District: Cornwall (Unitary Authority)

Parish: Grampound with Creed

National Grid Reference: SW 94466 48397

Reasons for Designation

Wayside crosses are one of several types of Christian cross erected during the medieval period, mostly from the 9th to 15th centuries AD. In addition to serving the function of reiterating and reinforcing the Christian faith amongst those who passed the cross and of reassuring the traveller, wayside crosses often fulfilled a role as waymarkers, especially in difficult and otherwise unmarked terrain. The crosses might be on regularly used routes linking ordinary settlements or on routes having a more specifically religious function, including those providing access to religious sites for parishioners and funeral processions, or marking long-distance routes frequented on pilgrimages. Over 350 wayside crosses are known nationally, concentrated in south west England throughout Cornwall and on Dartmoor where they form the commonest type of stone cross. A small group also occurs on the North York Moors. Relatively few examples have been recorded elsewhere and these are generally confined to remote moorland locations. Outside Cornwall almost all wayside crosses take the form of a `Latin' cross, in which the cross-head itself is shaped within the projecting arms of an unenclosed cross. In Cornwall wayside crosses vary considerably in form and decoration. The commonest type includes a round, or `wheel', head on the faces of which various forms of cross or related designs were carved in relief or incised, the spaces between the cross arms possibly pierced. The design was sometimes supplemented with a relief figure of Christ and the shaft might bear decorative panels and motifs. Less common forms in Cornwall include the `Latin' cross and, much rarer, the simple slab with a low relief cross on both faces. Rare examples of wheel-head and slab-form crosses also occur within the North York Moors group. Most wayside crosses have either a simple socketed base or show no evidence for a separate base at all. Wayside crosses contribute significantly to our understanding of medieval religious customs and sculptural traditions and to our knowledge of medieval routeways and settlement patterns. All wayside crosses which survive as earth- fast monuments, except those which are extremely damaged and removed from their original locations, are considered worthy of protection.

The head and remnant upper shaft of this medieval wayside cross have survived well and uniquely combine various design elements known from other Cornish crosses.
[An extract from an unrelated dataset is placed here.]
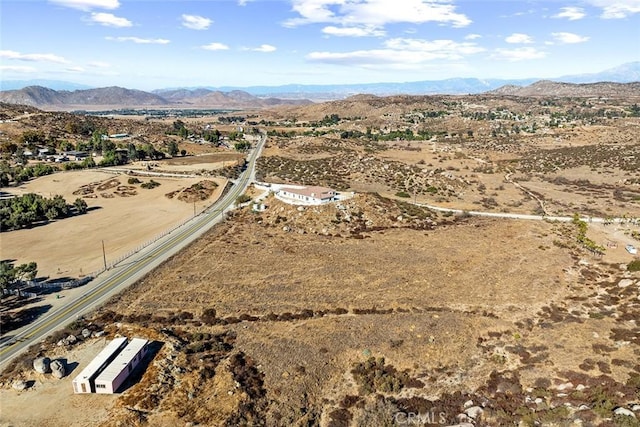 birds eye view of property featuring a mountain view and view of desert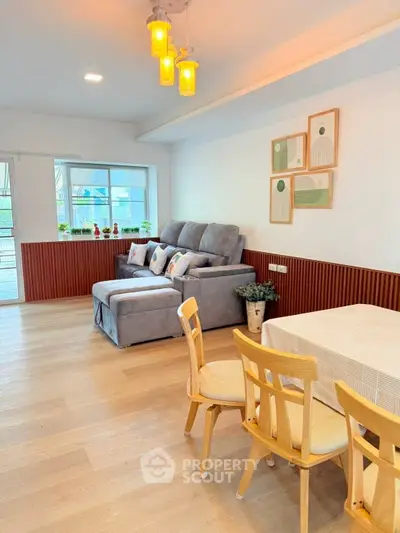 Charming living room with cozy sofa and dining area, perfect for relaxation and entertaining.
The location of its discovery and re-erection by a major early east-west route through Cornwall demonstrates well the major role of wayside crosses and the longevity of many routes still in use. Its distinctive form places this cross among the scarce late medieval wayside crosses, near the end of the tradition which produced this class of monument. This cross also forms an integral part of an unusual grouping of later medieval crosses in this area; the evidence naming the rector responsible for the erection of this group, including this monument, is rare.


The monument includes a medieval wayside cross, known as the Nancor Cross, situated to the east of Grampound at a minor junction on a major early and modern route linking the main market towns across southern Cornwall. The wayside cross survives with a medieval upright cross head on a modern shaft and set in a modern two stepped granite base. The cross stands 1.77m high above its base. The cross head has unenclosed arms, a form called a `Latin' cross, with its principal faces facing east and west. The upper limb rises 0.21m above the side limbs, which measure 0.36m across. Both the side and upper limbs have a 0.06m wide chamfer along their sides. The west face of the head bears a very worn relief figure of Christ with outstretched arms, measuring 0.21m high by 0.19m wide. Immediately below the side limbs, the remnant upper end of the medieval shaft is of octagonal section with facets 0.06-0.08m wide. This cross was discovered and is now re-erected beside the southernmost of the main east-west routes through Cornwall, linking the important early market towns of St Austell with Grampound and Truro. The style of this cross's head denotes a later medieval date, during the 15th century, towards the end of the medieval cross tradition. It forms one of a group of 15th century crosses surviving in this area and which are considered to have been erected by Reginald Mertherderwa, the Rector of Creed from AD 1423 to 1447, whose will also directed stone crosses to be erected on routes to Camborne church in west Cornwall. The modern retaining wall immediately to the west of the cross is excluded from the scheduling but the ground beneath is included.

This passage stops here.